Abstract

Since bearings are key components of rotatory machines and they are prone to have faults, bearing fault diagnosis has received much attention. Because vibration signals collected from the casing of a machine contain sufficient fault information, bandpass filtering-based envelope demodulation on vibration signals has been a standard approach for bearing fault diagnosis. Before envelope demodulation, selection of informative frequency bands (IFBs) for bandpass filtering to enhance fault signatures is of vital importance to achieve a good bearing fault diagnosis performance.
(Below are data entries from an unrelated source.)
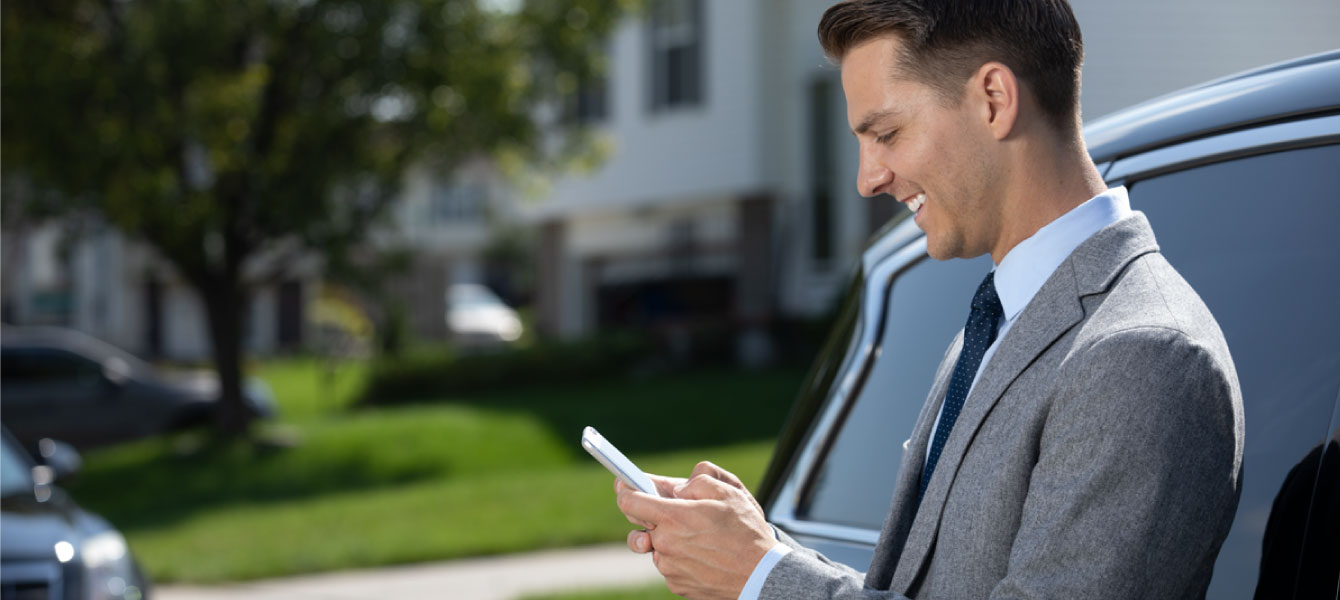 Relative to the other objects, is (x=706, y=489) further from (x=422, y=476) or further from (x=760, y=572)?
(x=422, y=476)

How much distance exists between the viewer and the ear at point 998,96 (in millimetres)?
1629

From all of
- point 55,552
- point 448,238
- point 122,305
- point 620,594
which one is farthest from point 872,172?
point 448,238

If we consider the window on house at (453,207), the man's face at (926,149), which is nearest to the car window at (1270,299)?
the man's face at (926,149)

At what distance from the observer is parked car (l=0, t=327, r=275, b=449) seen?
16812 millimetres

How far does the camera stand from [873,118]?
176 centimetres

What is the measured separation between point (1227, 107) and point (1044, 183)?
574 mm

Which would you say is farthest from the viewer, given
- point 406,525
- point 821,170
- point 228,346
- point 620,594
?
point 821,170

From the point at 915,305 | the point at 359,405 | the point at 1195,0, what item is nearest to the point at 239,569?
the point at 1195,0

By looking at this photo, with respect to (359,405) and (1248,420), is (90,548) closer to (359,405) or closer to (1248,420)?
(1248,420)

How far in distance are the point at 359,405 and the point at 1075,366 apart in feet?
64.1

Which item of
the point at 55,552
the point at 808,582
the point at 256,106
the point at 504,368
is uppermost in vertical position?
the point at 256,106

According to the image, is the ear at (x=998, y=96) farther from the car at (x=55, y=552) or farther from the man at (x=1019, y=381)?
the car at (x=55, y=552)

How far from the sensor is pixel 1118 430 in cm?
141

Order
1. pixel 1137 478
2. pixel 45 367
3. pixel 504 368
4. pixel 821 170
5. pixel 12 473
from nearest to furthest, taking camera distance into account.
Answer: pixel 1137 478
pixel 12 473
pixel 45 367
pixel 821 170
pixel 504 368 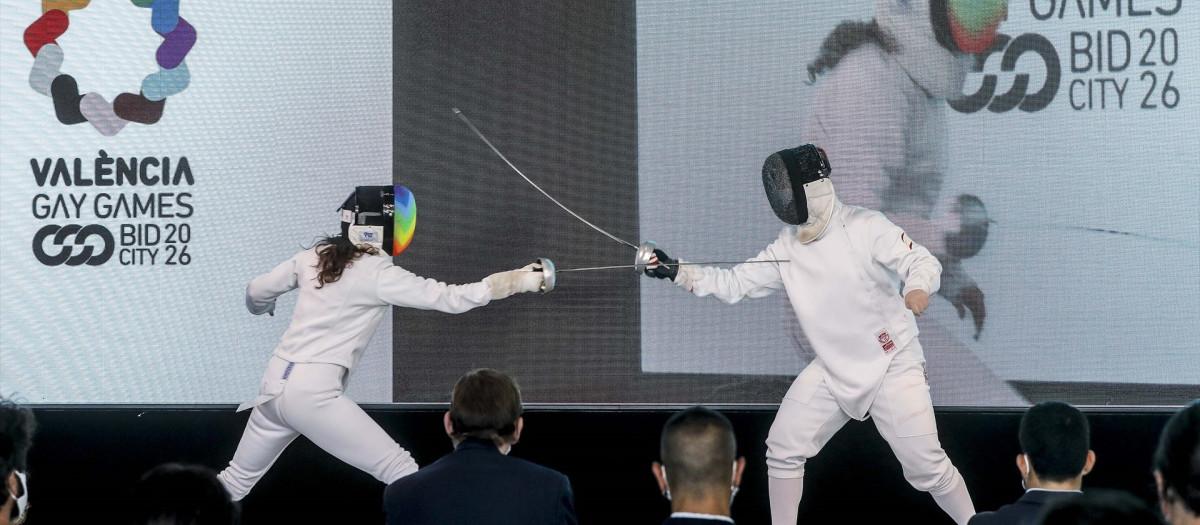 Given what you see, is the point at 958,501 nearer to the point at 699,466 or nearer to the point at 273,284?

Even though a fast kurtogram as a classic approach for IFB selection has been widely studied and many variants were proposed, they are still affected by interference caused by impulsive noise in the time domain and discrete frequencies in the frequency domain. To solve this tough problem, this paper proposes an OSESgram for IFB selection. The core of the proposed OSESgram is that healthy and faulty vibration signals are formulated as a convex optimization problem to aid IFB selection, i.e., a data-driven optimized square envelope spectrum (OSES) rather than a square envelope or a square envelope spectrum is quantified to select an IFB. Since the OSES is obtained in a data-driven way, the proposed OSESgram is promising to be more robust to interferential noise in vibration signals, especially under the existence of random impulsive noise. Benchmark and industrial bearing vibration datasets are used to validate the effectiveness and superiority of the proposed OSESgram. Experimental results demonstrated that the proposed OSESgram is more effective and robust in indicating an IFB than the fast kurtogram and an improved kurtogram.